The dataset has 80+ code snippets across 9 programming languages:

  • C
  • C++
  • C#
  • Go
  • Java
  • Javascript
  • PHP
  • Python
  • Ruby

The code snippets fall into three categories:

  • File handling code (tagged FILE)
  • Networking code that makes http requests (tagged NETWORK)
  • Code related to building user interfaces (tagged GUI)

3. Connect to postgres and enable Lantern, then set up our data table

Lantern connects via Postgres, which is helpful if we’re dealing with many types of data.

4. Load both our models

We’ll use two models. One was trained on code snippets, and supports all 9 languages we’re searching. We’ll call this “Model A”.

The second model is generic, trained on hundreds of millions of sentence pairs, with very little exposure to code. We’ll call this “Model B”.

Both of these models have ~110 million parameters.

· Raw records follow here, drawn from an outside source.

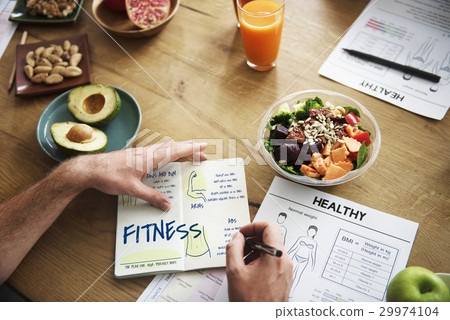 Fitness Body Builder Challenge Fitness Body Builder Challenge 29974104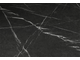 ANCEL черный металл/ камень нуар 130(+40)x80
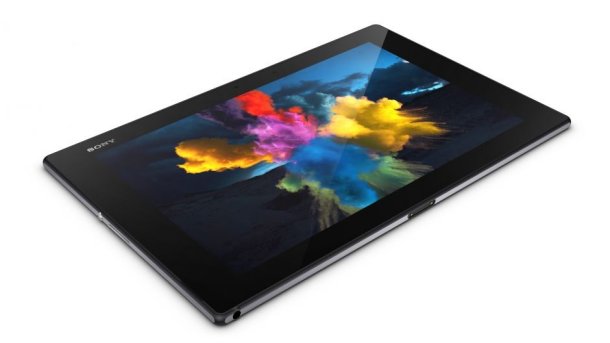 Sony Xperia Z2 Tablet 02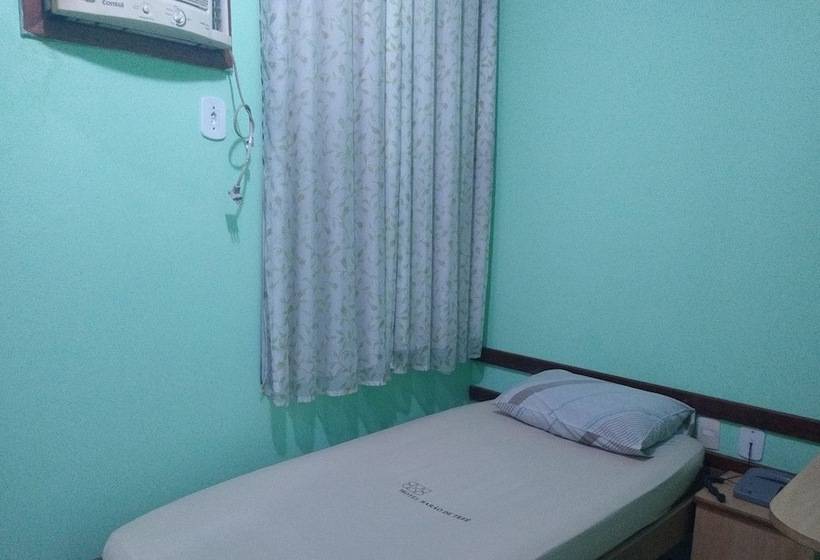 اتاق استاندارد یک نفره, Barão De Tefé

5. Index and insert our data into the table

6. Write the functions that will search the dataset

The only difference between the two functions is the models they search. One will search Model A, the other Model B. We’ll also add a helper function to print the results in a readable format.

Now, we’re ready to run our queries!

Now that we’re set up, let’s test our embedding models

Let’s look at an example where both models do well

We’ll start simple - ask both models to find a code snippet that performs any HTTP request. Anything that falls under the NETWORK task category. Note we’re using natural language in the request.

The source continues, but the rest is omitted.